Comment dépenser moins et mieux

Dans les pays développés, le vieillissement de la population menace de faire exploser la dette publique d’ici à 2040. À moins que…

Publié le 13 avril 2004 Lecture : 3 minutes.

Que les « anciens », dans les pays développés, vivent de plus en plus longtemps est une très bonne chose, le troisième âge ayant bien droit à un repos mérité après des années de dur labeur. Mais le vieillissement des populations pose un problème fondamental, celui du financement des retraites et des soins de santé, et donc de la pression sur les dépenses publiques.

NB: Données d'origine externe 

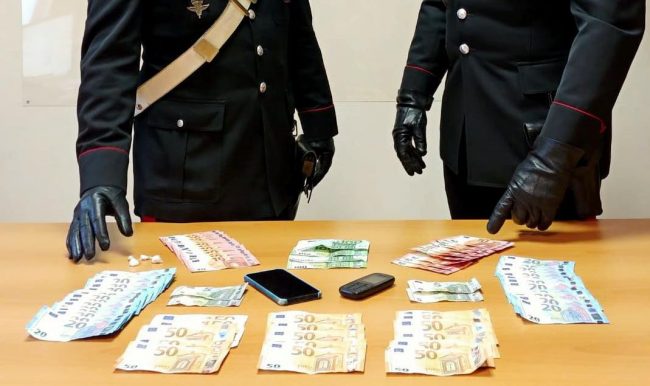 Spaccio di droga a Colico: due in manette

Alan Greenspan, le président de la Réserve fédérale des États-Unis, a alerté, en février 2003, la commission du Sénat sur le vieillissement de la population en indiquant que ce processus aurait des effets importants sur le budget fédéral. Outre-Atlantique, on estime que la population du troisième âge doublera dans les trente prochaines années pour atteindre 71 millions de personnes.
L’Europe connaît la même tendance. « La proportion de personnes âgées [plus de 65 ans] dépasse celle des jeunes [moins de 15 ans] dans plusieurs pays comme l’Allemagne, l’Italie, le Portugal et l’Espagne », souligne un rapport récent du Conseil de l’Europe. Enfin, le Japon ne comptera plus que trois salariés pour deux retraités en 2050.

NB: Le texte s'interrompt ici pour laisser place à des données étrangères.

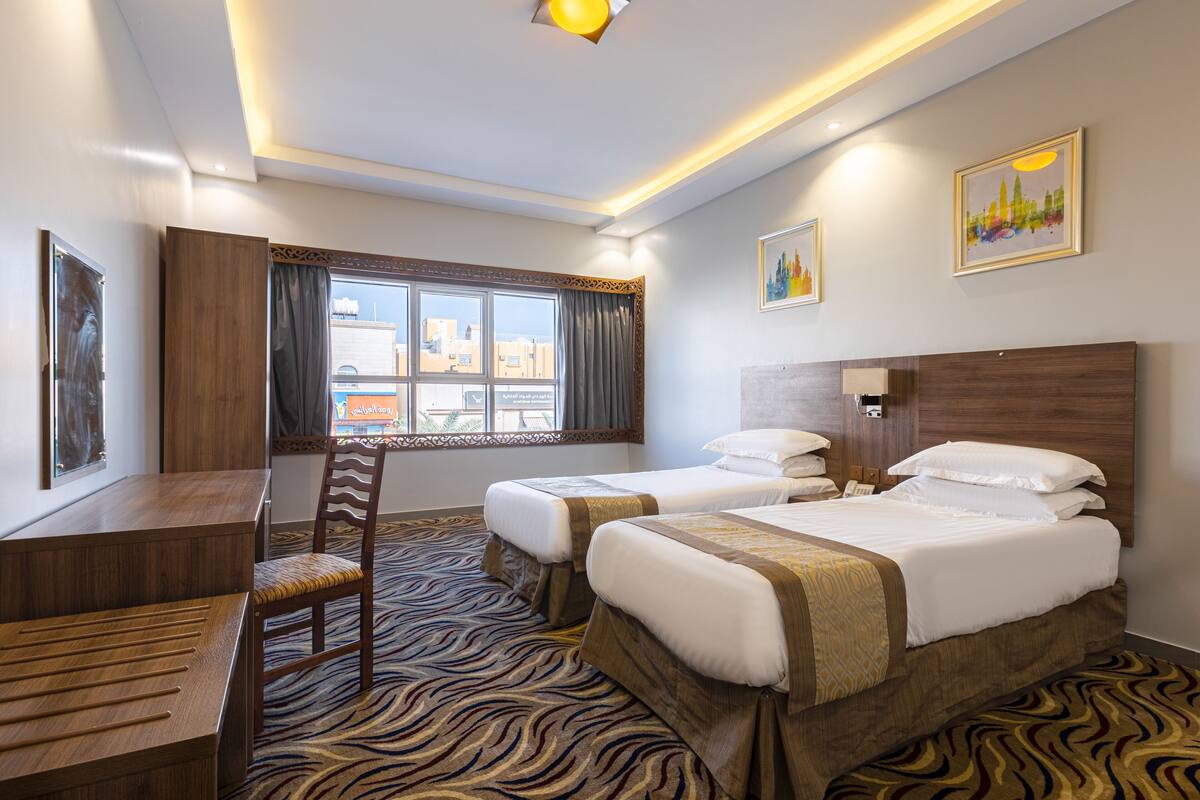 2 bedrooms, minibar, in-room safe, laptop workspace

Selon un nouveau rapport de l’agence de notation financière Standard & Poor’s, la dette publique des principaux pays occidentaux explosera d’ici à 2040 (voir graphique) si leurs gouvernements ne trouvent pas de nouvelles voies pour maîtriser les dépenses étatiques tout en assurant un service « approprié ». Pas facile alors qu’ils sont contraints à la plus grande rigueur budgétaire, particulièrement en Europe. Depuis le milieu des années 1990, la part des dépenses publiques dans le Produit intérieur brut (PIB) des pays riches a sensiblement diminué. Entre 1993 et 2003, ce ratio est passé de 73 % à 59 % pour la Suède et de 51 % à 40 % pour le Canada. En fait, l’adhésion des pays développés aux grands principes de libéralisation économique et financière s’est traduite par un appui moins important aux secteurs de la production et des services.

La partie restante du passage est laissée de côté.